And so once I had done that, I really didn't need to do anything else. I just needed to remove, hey, this reference is SwiftUI. Hey, this reference is Hummingbird. And once I had those references removed, it more or less just worked. Okay. So if people have followed your advice in the past, not my advice, nobody ever followed my advice.

If they followed your advice in the past with separation of concerns and everything, you could potentially take the all important business logic over from whatever another platform, another app, but you could essentially work with that. Yep. And so that's what I'd done in the past. And I was already just doing some kind of like basic removed from the actual display process.

of the barcodes.

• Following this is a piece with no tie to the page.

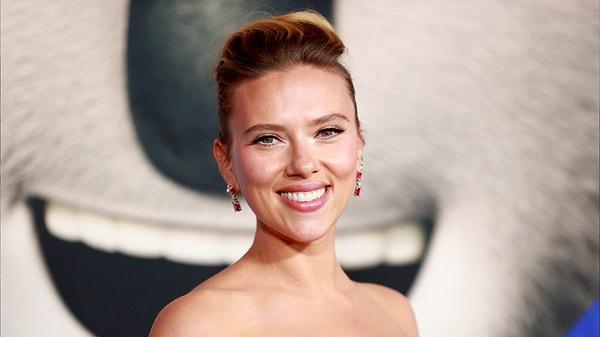 Hollywood'un sevilen aktrisi Scarlett Johansson, güzelliği, çekiciliği ve başarılı oyunculuğuyla hepimizin hayran olduğu oyunculardan biri.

So I encoded the barcodes down to basically vector drawing calls and then turning those vector drawing calls into an actual display and

That part is separated out. And so all of the stuff that encodes the code to vector drawing calls that I was able to just pull straight over on the app itself, those vector drawing calls then get turned into Swift UI uses Swift UIs paths and recs and all of that in order to render it out on the screen in SwiftUI.

my Linux code in my server side code. Sorry. I render it out to SVG and then I just take that SVG and I use a converter program on my Linux box to just convert that SVG to a PNG and use that PNG for the, the Apple wallet pass. Okay.

What I was able to do in this case was take that intermediary SVG, and because you can just put SVGs in line in HTML, I just took that SVG code that was output, sent it straight to HTML. And I said, you know, put a div in here, fill that div with this SVG. There it is. It's displayed on screen. And that just worked. I just took this SVG code that I was already...

spitting out anyway for my Apple wallet code and just put that directly on screen in, in HTML and it works and it displays the barcode in a web. That looked great. Yeah. No, actually. So you essentially removed a step, right? Um, yeah. Yeah, I really did. Uh, yeah. Cause I, I was already rendering it to SVG in order to then convert that SVG to PNG. And, uh,

uh probably couldn't do that in the local browser because you know where are you writing that temporary exactly um but yeah i could just display the svg directly because that's just html code and yeah that worked exactly as i expected awesome so um i did i did catch a little bit of the stream i was i was lurking in the background while i was eating all told what are we talking here then like a

Two, three hours from beginning to serve it up. Two hours from nothing running to displaying a barcode on the screen. And honestly, it was less than that because two hours included...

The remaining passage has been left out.